In this article we cover:
- What is a contingency?
- Why you need a contingency
- How much of a contingency you need for a small and large extension
- How much of a contingency you need for a new house depending on level of experience
- Tips on how to deal with money with a partner
Q: My husband and I usually get on well dealing with money but we’re having big disagreements about how much our new build will cost. I keep telling him we’ll need a large contingency but he thinks I’m worrying too much.
Andrew says: You’re right. I’m sorry to tell him but you are right on this one. It’s not just a joke that all self-builds go over budget – much of the jeopardy we love watching on the TV building shows involves seeing by how much they’ll break the bank.
The fact is that building a new home, even with very good professional advice and a reliable main contractor, doesn’t always go according to plan. Even turnkey projects that set costs in stone from Day One can sometimes go over budget.

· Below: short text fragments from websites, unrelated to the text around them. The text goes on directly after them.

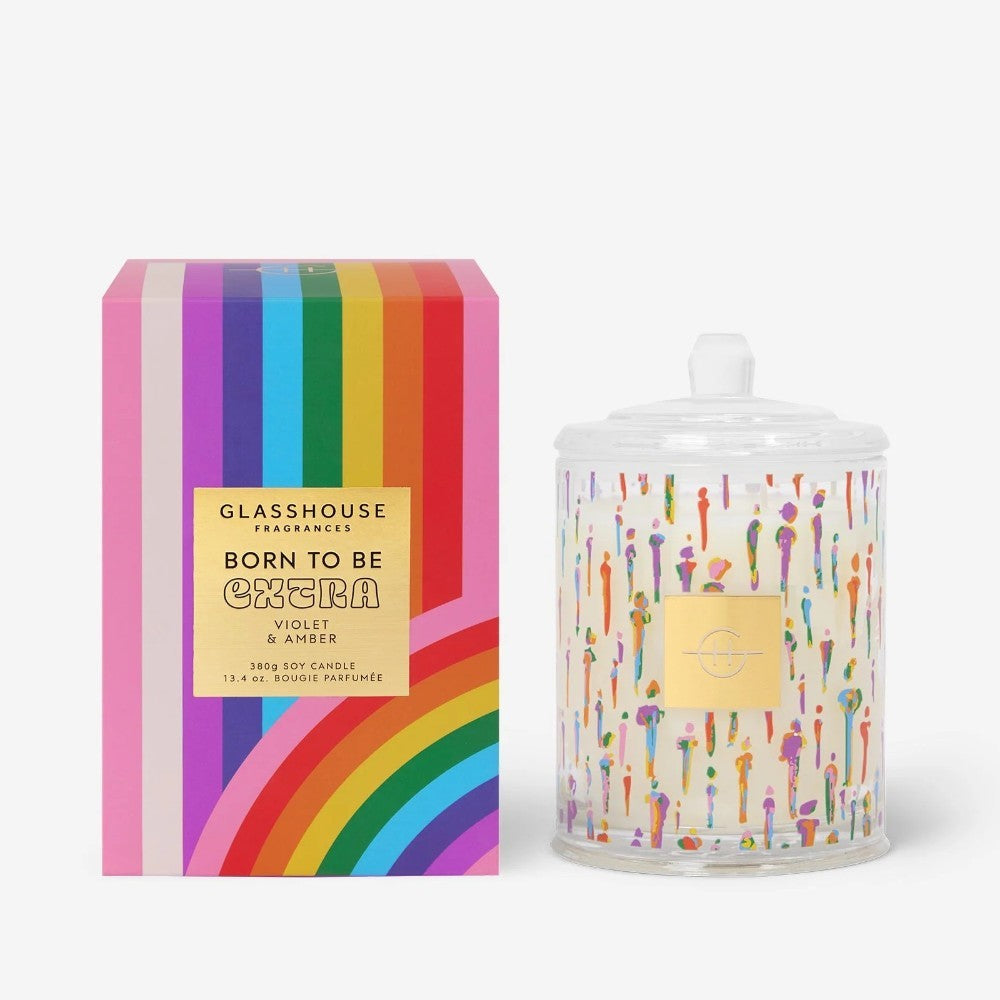 Colorful candle box and jar with vibrant rainbow designs.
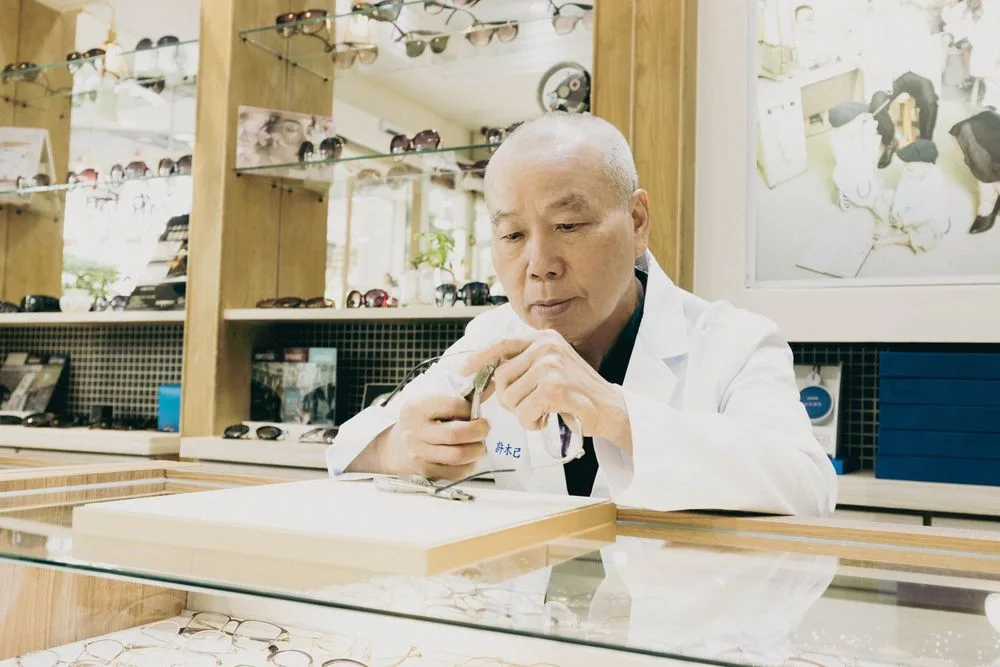 資深白袍職人在玻璃櫃檯前檢視手中的眼鏡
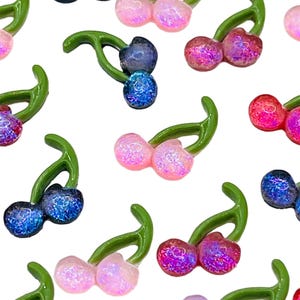 May include: A pattern of glittery cherry charms in various colors, including pink, red, blue, and purple. Each charm has a green stem and is scattered across a white background. These charms are ideal for crafting or jewelry making.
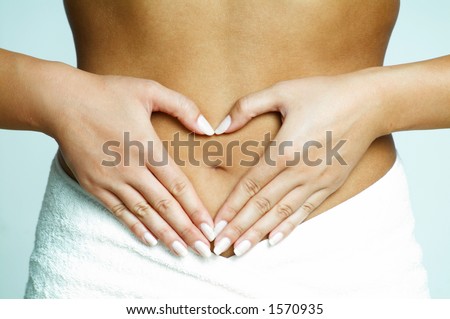 Woman's Fingers Touching her body parts, heart shaped fingers Royalty-Free Stock Photo #1570935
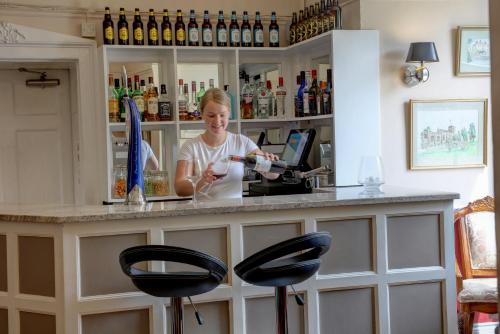 a woman behind a bar with two stools at Best Western Henbury Lodge Hotel in Bristol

It’s wise to factor in your contingency fund right from the day you even start thinking about your new build. Here’s a guide to help:
- Small extension, allow 10 per cent
- Large extension, allow 15 per cent
- Totally new house build, allow 20 per cent
- Period restoration, allow 40+ per cent
- You, building your own new home, for the first time, plan for at least 50 per cent
The reasons for all this uncertainty are many, including unexpected planning issues; rising costs of materials; unavailability of critical materials or services; your inexperience in running a building project; poor supplies of labour; uncertainties with the weather; unforeseeable issues in the ground; changing your mind as you go along; your builder going bust on you; and many more.

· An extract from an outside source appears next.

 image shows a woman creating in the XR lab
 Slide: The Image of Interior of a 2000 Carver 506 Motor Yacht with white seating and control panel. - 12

Unless you have the ‘fat’ of a contingency fund in the system, what started as a dream can easily end up a nightmare. Building a new home isn’t like buying a TV. It’s usually a two year journey and along the way many variables can affect what you’ll actually end up paying.

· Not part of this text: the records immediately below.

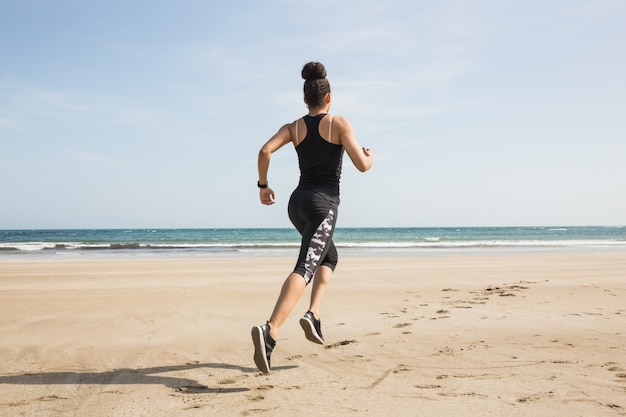 Fit mulher jogging na areia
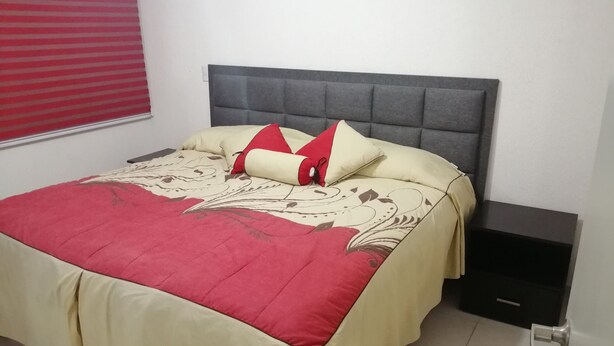 Cama bem arrumada com colcha vermelha e bege, cabeceira estofada cinza e uma pequena mesa de cabeceira com gaveta.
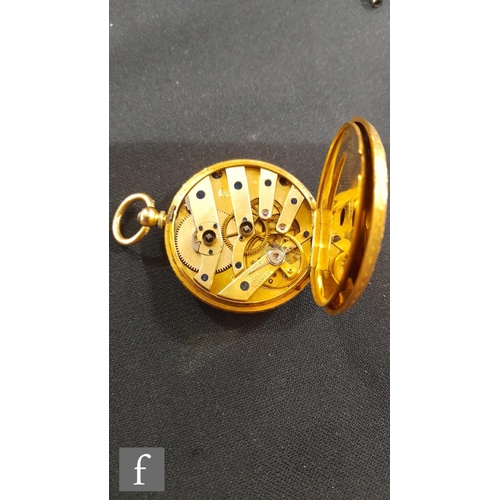 653 - An 18ct open faced key wind fob watch, Roman numerals to a gilt dial, case diameter 40mm, gold dust ... 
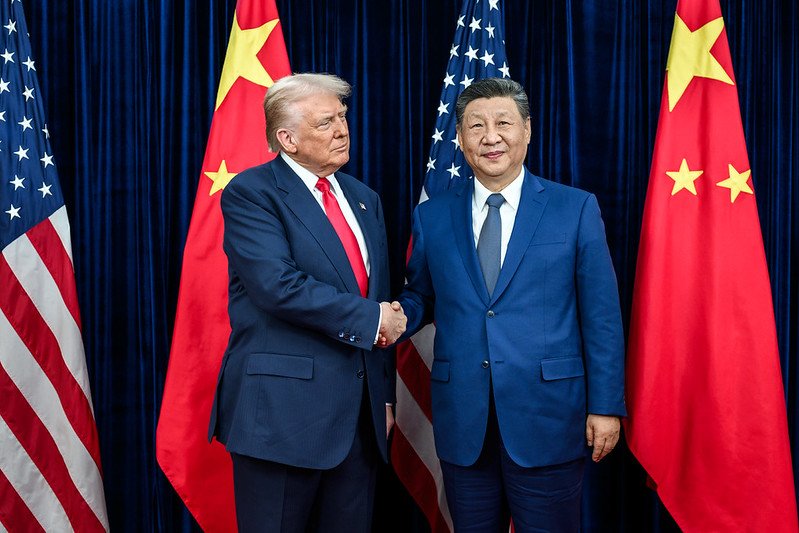 Trump greets Xi Jinping before their October 2025 Busan summit meeting at Gimhae International Airport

The trouble is we all have different ideas of risk. The optimist will rarely want to load the budget upfront, thus reducing their expectations from the start. The pessimist (some would say realist) can’t bear the thought of worrying about cash before they’ve even got into the foundations.
As always, it makes sense to listen carefully to your partner and hear what they’re really upset about. Perhaps there are uncertainties in their work life they haven’t yet shared with you. Your assumptions about future income may not accord with theirs. Or one of you may not want to risk running out of cash because past experience has taught you how badly it affects you.
The real problem with money and self-building is that whilst what can be achieved on the build can be flexible and almost infinite in its potential, money simply isn’t this elastic. And given that we all tend to want more than we can afford, only careful and considerate listening to one another right from the start will help find the right path.